Give the records below again exactly, and exclude each picture.

----- INFORMATION PROVIDED -----

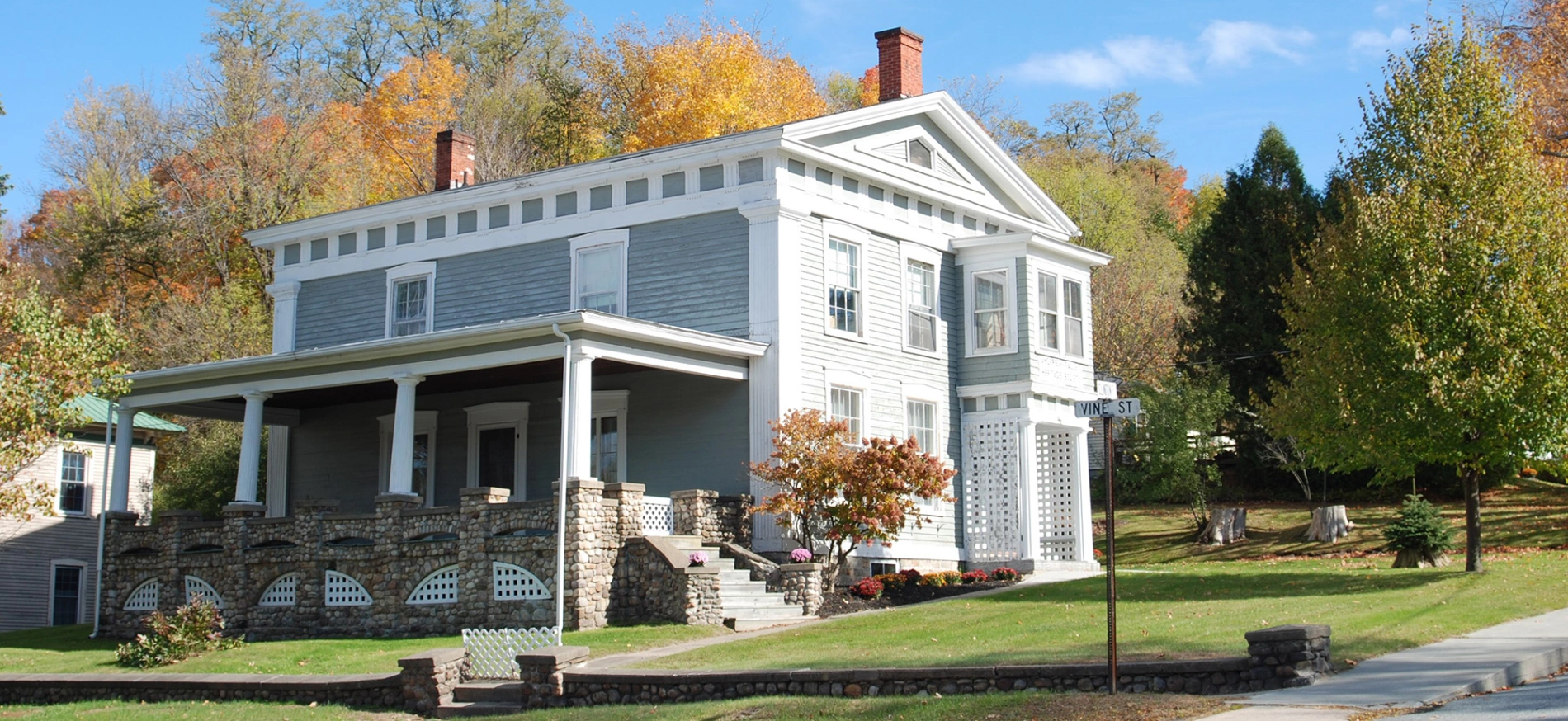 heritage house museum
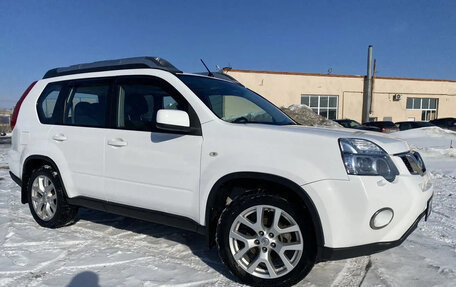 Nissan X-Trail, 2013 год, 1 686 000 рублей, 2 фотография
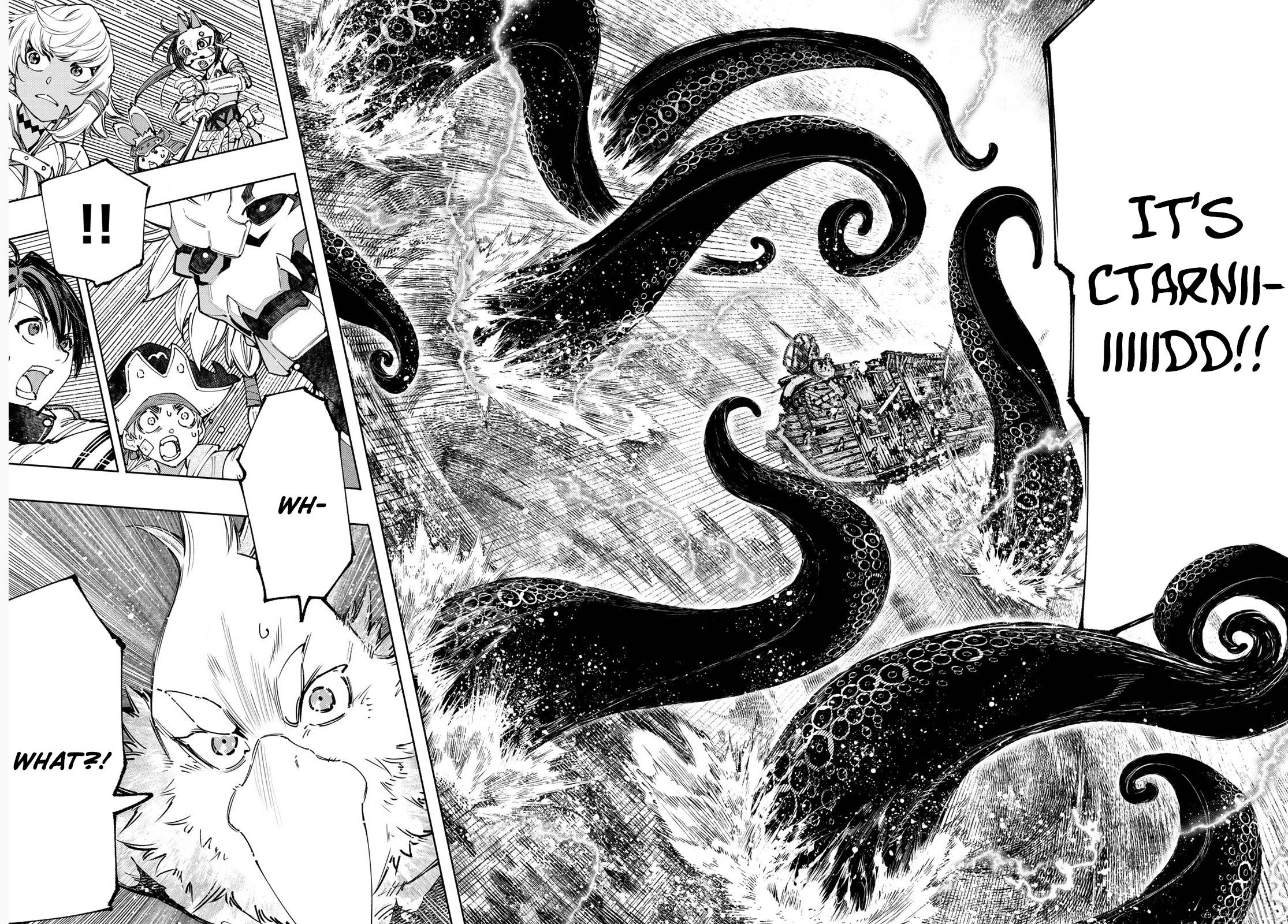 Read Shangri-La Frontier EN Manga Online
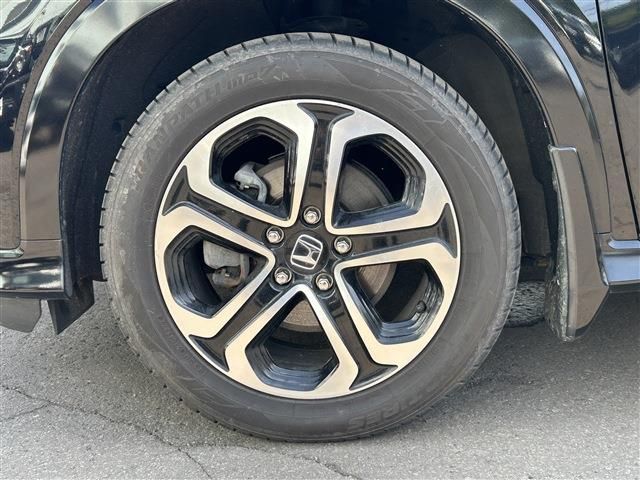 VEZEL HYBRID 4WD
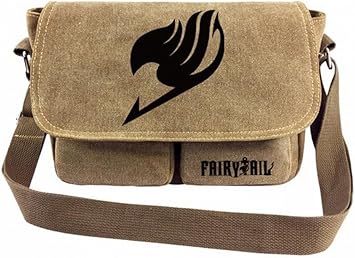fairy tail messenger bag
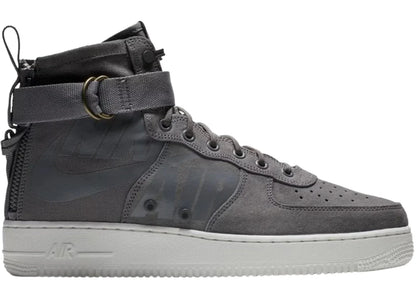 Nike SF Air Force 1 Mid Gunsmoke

-----

- [SOLVED EXERCISE]:
 heritage house museum
 Nissan X-Trail, 2013 год, 1 686 000 рублей, 2 фотография
 Read Shangri-La Frontier EN Manga Online
 VEZEL HYBRID 4WD
fairy tail messenger bag
 Nike SF Air Force 1 Mid Gunsmoke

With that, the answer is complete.